A un costado hay tres cruces, dicen que dos gendarmes y un aborigen que murieron. Charlamos un poco con ellos, dormitamos algunas siestas, tomamos un mate. Que no se meten en el monte porque te perdés enseguida, que es todo igual. En realidad, ni salen de la estación cuando es de noche. Hablamos de la luz mala. Nos cuentan que hace un tiempo un tipo fue llevado por algo o alguien, en medio de la noche, adentro del monte, bien lejos, y que lo encontraron los lugareños; y a la noche siguiente le volvió a pasar.
Antes de que caiga el sol cruzamos la ruta para visitar una población aborigen. Son poquitas casas; quedan algunos pedazos de paredes de adobe, algún techo vivo… Pero viven en casas de material; las de adobe eran más frescas, y cálidas en invierno, pero ya se acostumbraron. Cruzamos pocas palabras, preguntamos mucho, algunos chicos se acercan, pero no mucho, y nos miran. También una o dos mujeres. Abrimos un pan dulce y convidamos; todos aceptan, y sostienen sus porciones por largo rato en sus manos, mientras nos miran. Nadie acepta mate, nos dice uno que lo toman dulce. Lo tomamos entre los cuatro. Oscurece, apresuramos las últimas cebadas, y volvemos a la estación de tren.
El pueblo no tiene electricidad. Prenden un generador por un rato, un poco para llenar el tanque de agua, otro poco para dar luz. Armamos las carpas para no sufrir los mosquitos, y nos vamos a dormir temprano. En medio de la noche se escuchan ruidos. Pasos. Naio piensa que es un gendarme, se asoma y nada. Se oye como si revolvieran las alforjas. Naio tose bien fuerte, como para espantar a quien fuera. Vuelven los ruidos, como de pezuñas, entre las bicis que están ahí nomás de donde estamos. Naio vuelve a toser y echa un grito para espantar a un perro o algo así.

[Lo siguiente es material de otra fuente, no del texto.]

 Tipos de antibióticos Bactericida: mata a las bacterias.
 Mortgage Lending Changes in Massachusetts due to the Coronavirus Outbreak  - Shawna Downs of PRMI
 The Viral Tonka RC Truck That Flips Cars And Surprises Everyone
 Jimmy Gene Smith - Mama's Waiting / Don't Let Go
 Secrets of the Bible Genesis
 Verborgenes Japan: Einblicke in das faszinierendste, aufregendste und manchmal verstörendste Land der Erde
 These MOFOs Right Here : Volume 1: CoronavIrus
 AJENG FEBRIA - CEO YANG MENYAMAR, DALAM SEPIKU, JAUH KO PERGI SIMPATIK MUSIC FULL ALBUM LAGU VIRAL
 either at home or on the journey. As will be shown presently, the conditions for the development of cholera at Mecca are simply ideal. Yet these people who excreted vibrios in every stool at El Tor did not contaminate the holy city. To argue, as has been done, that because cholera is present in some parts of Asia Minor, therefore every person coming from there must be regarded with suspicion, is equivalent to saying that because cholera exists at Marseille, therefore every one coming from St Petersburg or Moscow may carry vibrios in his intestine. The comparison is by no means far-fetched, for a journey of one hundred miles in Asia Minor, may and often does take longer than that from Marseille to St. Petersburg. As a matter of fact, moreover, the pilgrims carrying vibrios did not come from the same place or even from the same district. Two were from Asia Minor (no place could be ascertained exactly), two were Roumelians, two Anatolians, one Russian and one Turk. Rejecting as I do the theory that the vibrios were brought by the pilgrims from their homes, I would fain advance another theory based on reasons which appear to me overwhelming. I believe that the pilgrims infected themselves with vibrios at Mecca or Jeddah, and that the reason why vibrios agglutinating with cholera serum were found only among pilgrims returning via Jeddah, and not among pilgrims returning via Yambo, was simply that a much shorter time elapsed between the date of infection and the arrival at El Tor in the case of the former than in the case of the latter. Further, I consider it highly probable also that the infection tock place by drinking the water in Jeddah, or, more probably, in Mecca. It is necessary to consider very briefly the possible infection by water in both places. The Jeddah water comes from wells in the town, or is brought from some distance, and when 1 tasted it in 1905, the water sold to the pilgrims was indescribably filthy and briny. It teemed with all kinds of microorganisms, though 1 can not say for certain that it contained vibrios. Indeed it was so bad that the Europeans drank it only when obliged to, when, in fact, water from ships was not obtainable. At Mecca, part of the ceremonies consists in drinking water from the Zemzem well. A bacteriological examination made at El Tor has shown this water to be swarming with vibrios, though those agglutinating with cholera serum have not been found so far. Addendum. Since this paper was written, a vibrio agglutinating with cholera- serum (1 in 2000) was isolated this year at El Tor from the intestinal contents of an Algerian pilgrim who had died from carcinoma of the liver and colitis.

Las pezuñas se alejan. Al rato, ruidos de nuevo. Naio se levanta, abre el cierre de la carpa y se asoma. Nada.
El despertador no suena, o eso parece, a no ser que nadie lo haya escuchado. Nos levantamos cuando el sol ya es imposible. Nos dicen que los ruidos deben haber sido los muertos. Un poco huele a diversión de ellos. Pasamos el almuerzo ahí y partimos a la tardecita. Hacemos poco, 25 kilómetros, y cruzamos en el camino un cartelito que indica que estamos en la ruta nacional N° 81, y entrando a la provincia de Salta.

4 comentarios:

Anónimo dijo...

Naio!!, como siempre muy buen relato...
Se ve que hay otro mundo allá afuera!!
Un Abrazo
Carlon.

Anónimo dijo...

Qué duro que fué Formosa¡¡¡Me lo imaginé cuando Carla me llamó desde Gral.Güemes y miré en el mapa el camino que iban a hacer. Felicitaciones¡¡¡Besos a los cuatro¡
Adriana

Anónimo dijo...

¡¡¡¡¡¡¡¡¡¡¡ Ni los muertos ni los mosquitos pueden contra ese escudo transparente que lleva cada uno !!!!!!!!!!

qué lindo qué lindo qué lindo.
(me hicieron llorar)
d.

sebasfuentes dijo...

Qué buen relato, lo cuentan tan apasionadamente que se siente, espero Salta los reciba tan bien como Formosa. Abrazos!